How one state elected 3 US senators to fill 2 seats, and got away with it
| Boise, Idaho
Ninety years ago this month -- Dec. 18, 1890 -- the State of Idaho did something unique in American history: It elected three US senators on the same day, and they all took office, even though the Constitution limits each state to two senators.
State legislators elected senators in those days, and the Idaho Legislature in 1890 was composed of 44 Republicans and 10 Democrats. Small wonder that all four serious candidates were Republicans. And not your present-day polished, genteel, ingratiating Republicans, either. They were straight out of the "wild West."
Fred T. Dubois was one. The son of Abraham Lincoln's presidential campaign manager, he brought a Yale degree and a business background to Idaho, where he became a cowboy and, later, a US marshal. He built a political machine, which he used mainly to help disenfranchise Mormons who practiced polygamy. In 1886 Dubois was elected a delegate to Congress and was instrumental in persuading it to admit Idaho to statehood.
Another was George L. Shoup, a native of Missouri and a colonel of cavalry in the Civil War. Shoup founded Salmon City, Idaho, and was the last appointed territorial governor, later elected as its first state governor.
Then there was William J. McConnell. He arrived in Idaho -- on foot -- in 1863 where, for a time, he raised vegetables to sell to gold miners. He later was a captain of vigilantes who pursued both criminals and Democrats --apparently being too subtle for Republican vigilates to notice. But this activity made McConnell unpopular and caused him to leave Idaho for several years. Eventually, he returned and opened a general store in Moscow in the northwestern section of the state.
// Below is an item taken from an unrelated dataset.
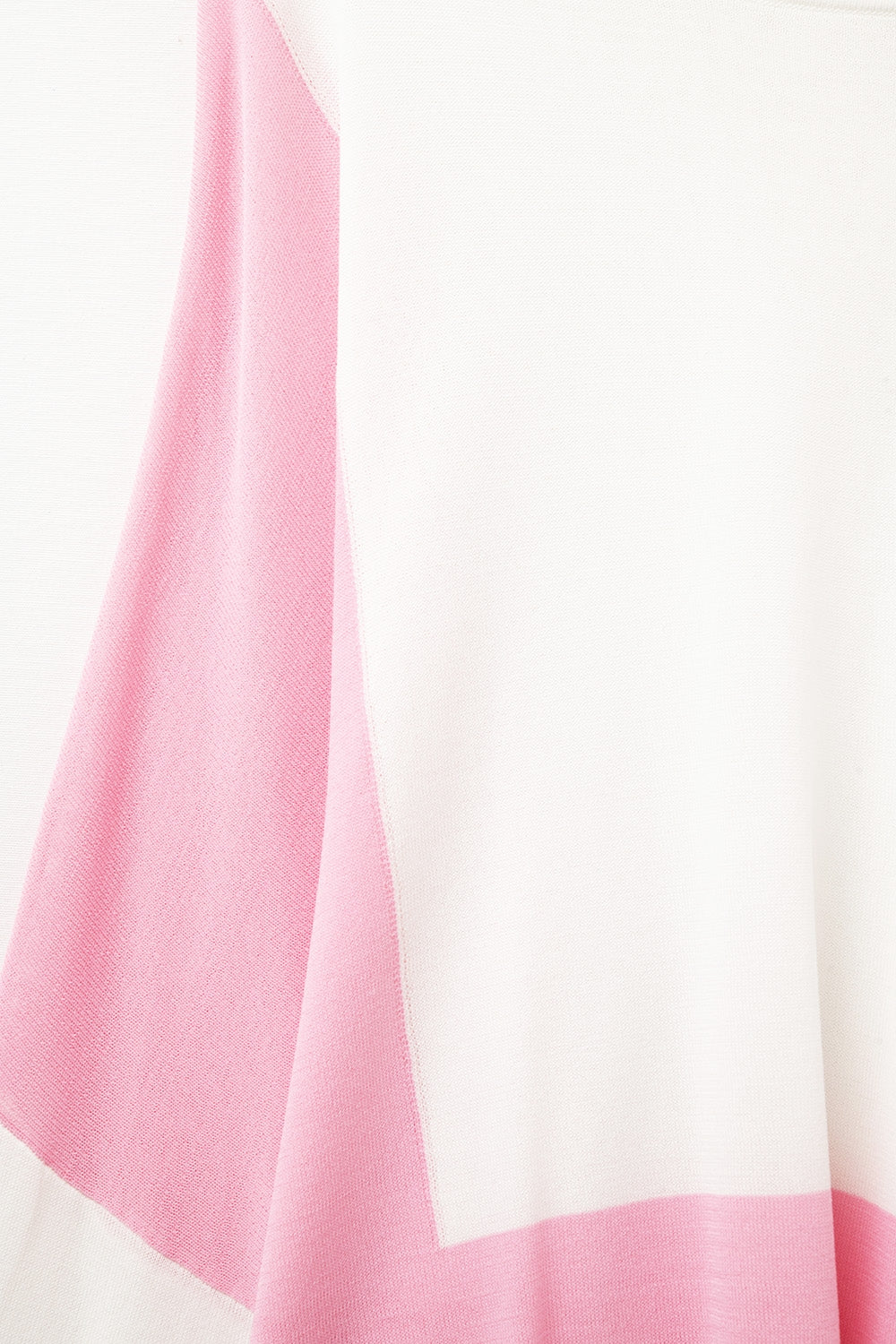 Maglione a blocchi di colore con ali di pipistrello in bianco e rosa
Finally there was William H. Claggett. Maryland-born, his route to Idaho took him through Iowa, California, Nevada, Montana, the Dakota Territory, and Oregon. Twice along the way he was elected to political office and helped lead the successful effort to create Yellowstone Park. Eventually, he became president of the Idaho constitutional convention. Claggett once prospected with Mark Twain, and because of that got his name in the book "Roughing It." Alone among the four top candidates, he was not on record as ever having drawn a gun in anger.
None of these men -- no two of them, in fact -- could muster a majority when the Legislature began voting for senator on Dec. 16, 1890.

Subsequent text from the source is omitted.